[Data for this task — start]

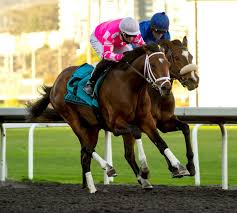 The preakness stakes first ran in 1873, and is traditionally run on a saturday. Expert Pick Of The Week 2021 Preakness Stakes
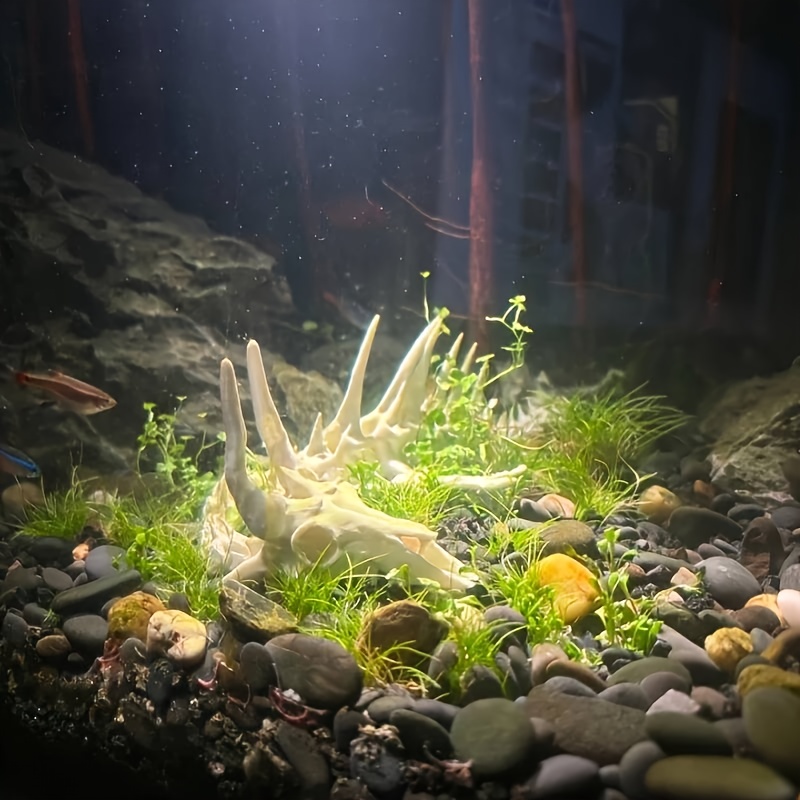 1 Buah Dekorasi Tulang Ikan Be - Aquarium Fish Games ulasan dan harga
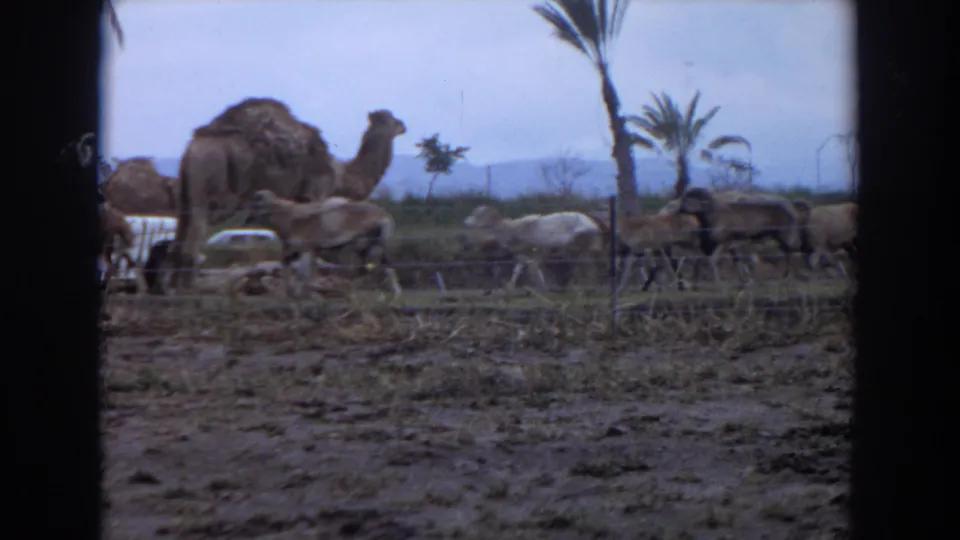 The final 1974 Irvine frame shows a camel behind a small sheep herd inside a fenced field, with palms and distant landscape beyond.
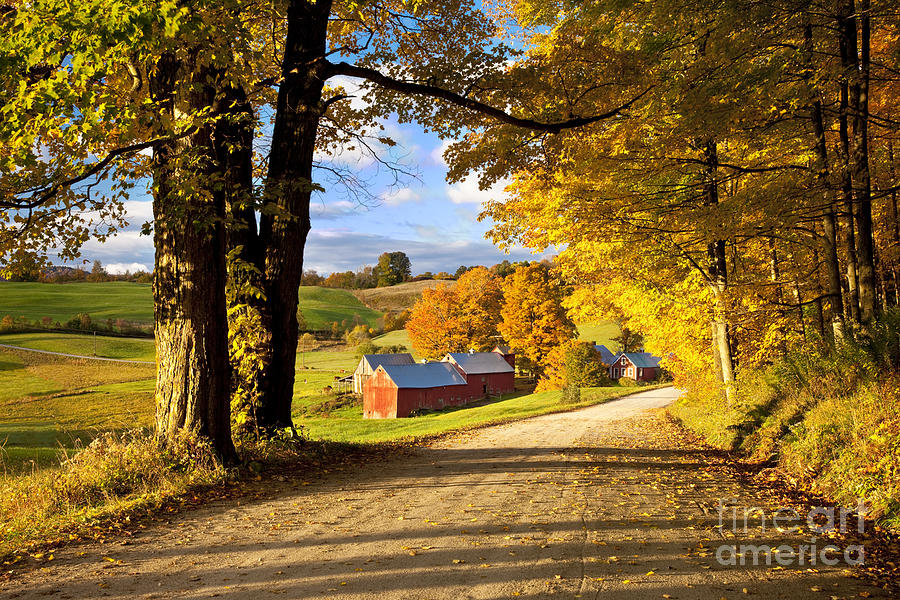 Autumn Farm in Vermont Photograph by Brian Jannsen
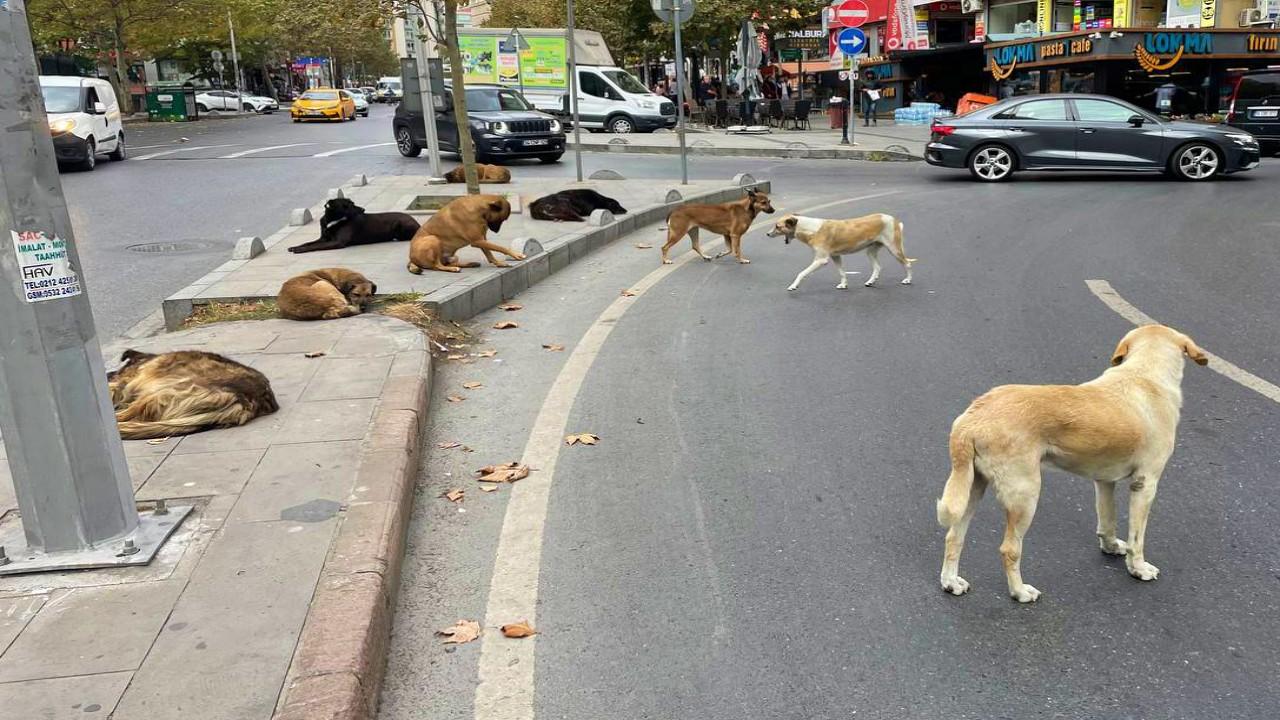 başıboş sokak köpekleri toplanacak mı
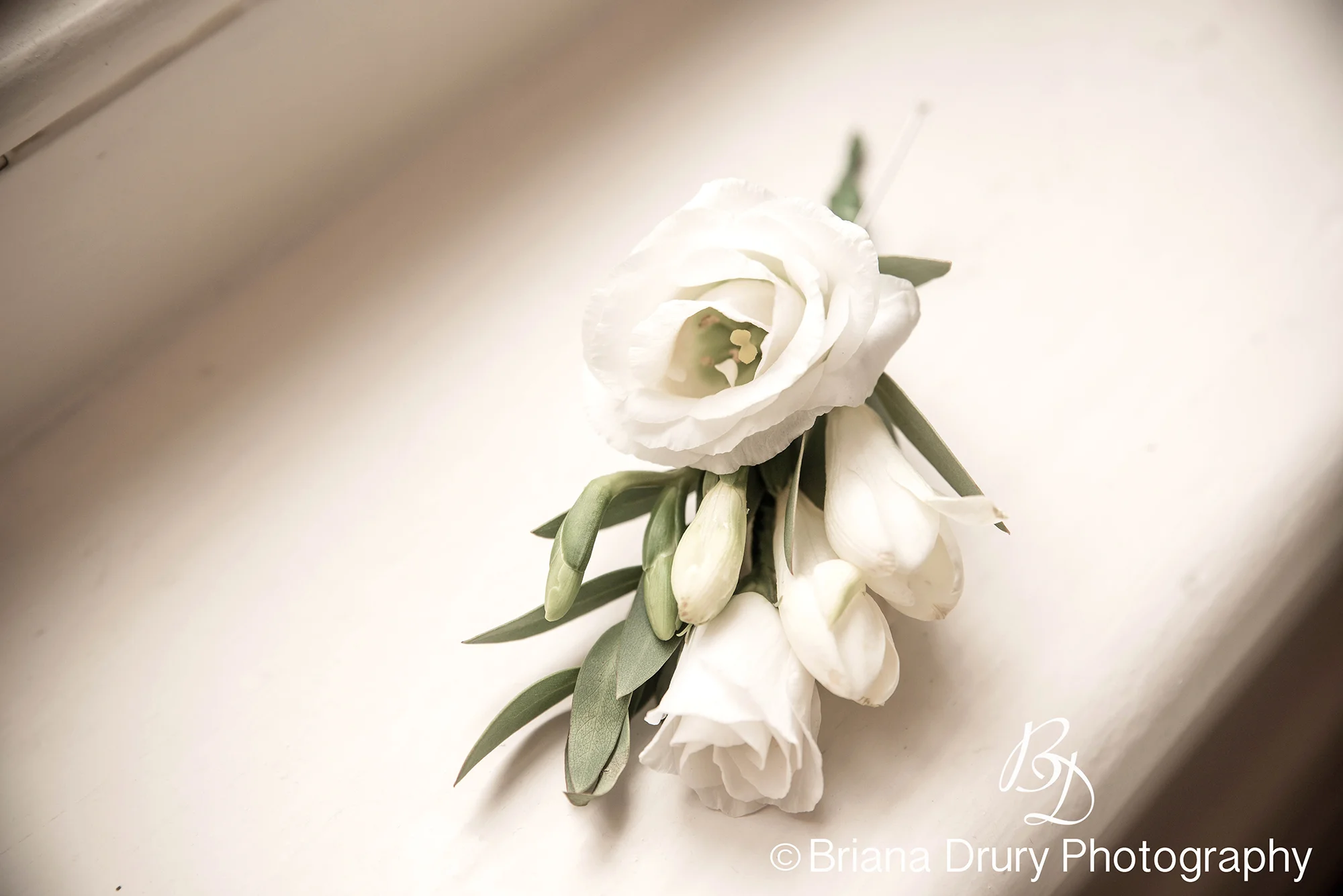 DSC_7957-2WR.jpg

[Data for this task — finish]

Would it be possible to print the records above verbatim, pictures omitted?

 The preakness stakes first ran in 1873, and is traditionally run on a saturday. Expert Pick Of The Week 2021 Preakness Stakes
 1 Buah Dekorasi Tulang Ikan Be - Aquarium Fish Games ulasan dan harga
 The final 1974 Irvine frame shows a camel behind a small sheep herd inside a fenced field, with palms and distant landscape beyond.
 Autumn Farm in Vermont Photograph by Brian Jannsen
 başıboş sokak köpekleri toplanacak mı
 DSC_7957-2WR.jpg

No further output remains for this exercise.